Live Your Moments: Feed Your Better Emotions

Often we become our emotions, so full of whatever we are feeling; there is little or no room for anything other than the emotion. We indicate we have become our emotion when we use ‘to be’ verbs. For example, “I am so angry,” or “I am afraid,” imply you are your emotions not that there is a larger “you” experiencing them. “I feel angry,” allows a recognition of the emotion, and your ability to feel it fully while listening to what your anger, fear, or other emotion is telling you. By becoming aware of your emotions, you can also choose how you will respond as well as learn about your situation from seeing where your emotions are directing you to look. Here is a helpful story attributed to The Cherokee Nation,

A boy looked at his grandfather whose face was tight and tense. Seeing his grandfather was troubled, the boy asked, “What’s the matter, Grandfather?”
He replied, “There is a great war inside me.”
“A war?” the boy asked.
“Yes, between two large wolves. One is dark, stormy, and angry, expecting evil and trying to force me to strike out at others. The other wolf is bright, full of warmth, and light. He expects wonder and joy. He encourages me to give love to others.”
Now, greatly concerned, the boy asked, “Grandfather, which wolf will win?”
The man’s face brightened as he looked at his grandson and said, “Whichever one I feed.”

Before the grandfather can decide which wolf to feed, he must see the wolves. To be aware of our emotions allows us to be instructed by them without becoming them and then nurture the ones that are more life enriching. To help you call them by name, create a list of emotions so you will know them when you feel them.

Live Your Moments: Let YOUR Light Shine

Notice the U in the Sermon on the Mount, well, not the U, but the You…

Matthew 5: 13 “You are the salt of the earth; but if salt has lost its taste, how can its saltiness be restored? It is no longer good for anything, but is thrown out and trampled under foot. 14 “You are the light of the world. A city built on a hill cannot be hid. 15 No one after lighting a lamp puts it under the bushel basket, but on the lampstand, and it gives light to all in the house. 16 In the same way, let your light shine before others, so that they may see your good works and give glory to your Father in heaven.

I am amazed at how different images from a scripture I’m living with during the week come to the surface when I’m thinking through my lenses of a Biblical passage.

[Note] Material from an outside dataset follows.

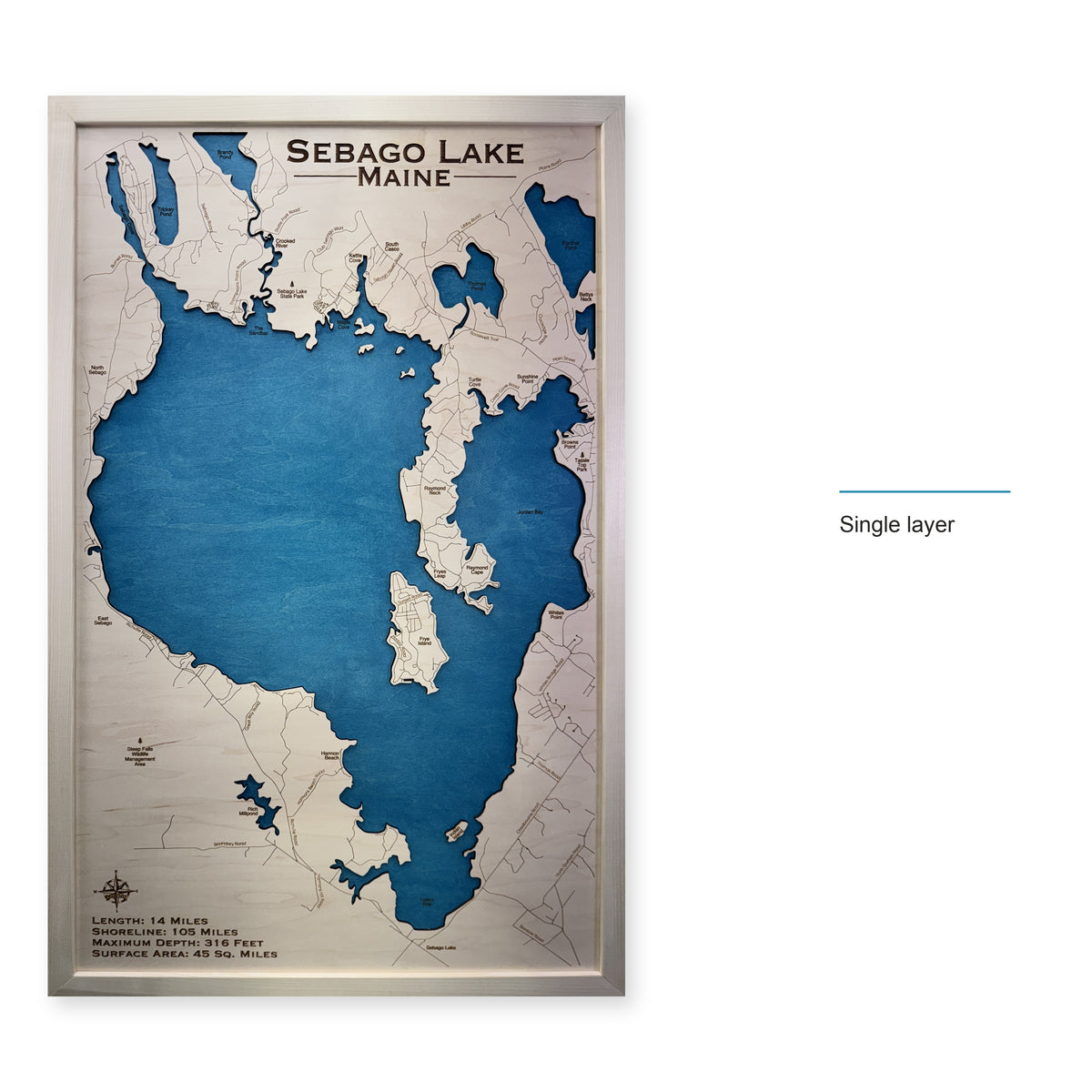 Sebago Natural Single wood map — single layer, layer option shown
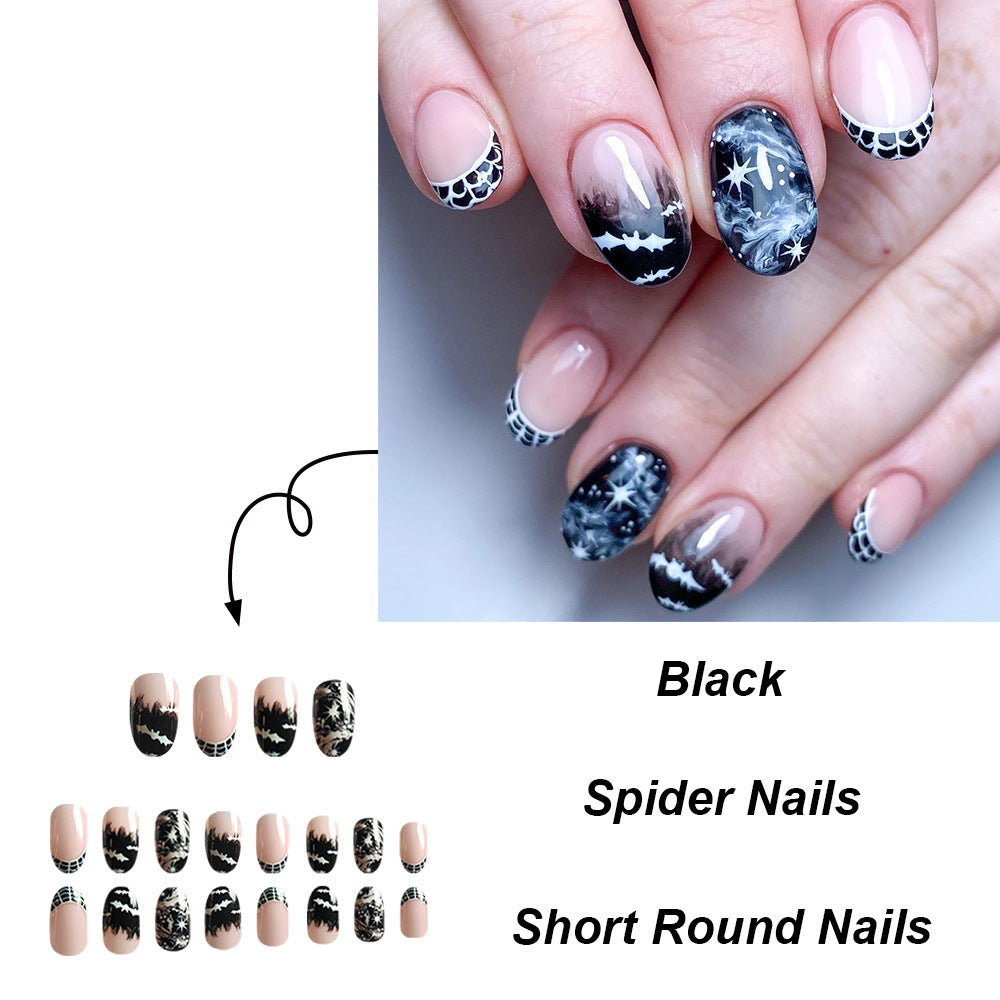 Short Round Cow Print Bat Halloween Nail Tips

So often we make Jesus a person who is one in a billion, a person like no other, and, I believe, we miss where Jesus’ identity and life point us.

I believe that Jesus in one in a billion person and the purpose of being unique was to aid his followers in doing the same. John 1 tells us that Jesus is the light of the world and the darkness could not put his light out. So, too, then, if Jesus is the light of the world, then we also are to light the world. When the light of the world tells you that you are the light of the world, then it is your job to be the light, the salt, the city that sets on a hill in a way that only you can be.
Marianne Williamson’s words came back to me,

Our deepest fear is not that we are inadequate. Our deepest fear is that we are powerful beyond measure. It is our light, not our darkness that most frightens us. We ask ourselves, Who am I to be brilliant, gorgeous, talented, and fabulous? Actually, who are you not to be? You are a child of God. Your playing small does not serve the world. There is nothing enlightened about shrinking so that other people will not feel insecure around you. We are all meant to shine, as children do. We were born to make manifest the glory of God that is within us. It is not just in some of us; it is in everyone and as we let our own light shine, we unconsciously give others permission to do the same. As we are liberated from our own fear, our presence automatically liberates others.

So, let your light shine! Be the light of the world Jesus is calling you to be. Along with this quote by Marianne Williamson, I found this song by Keb Mo. Again, let your light shine!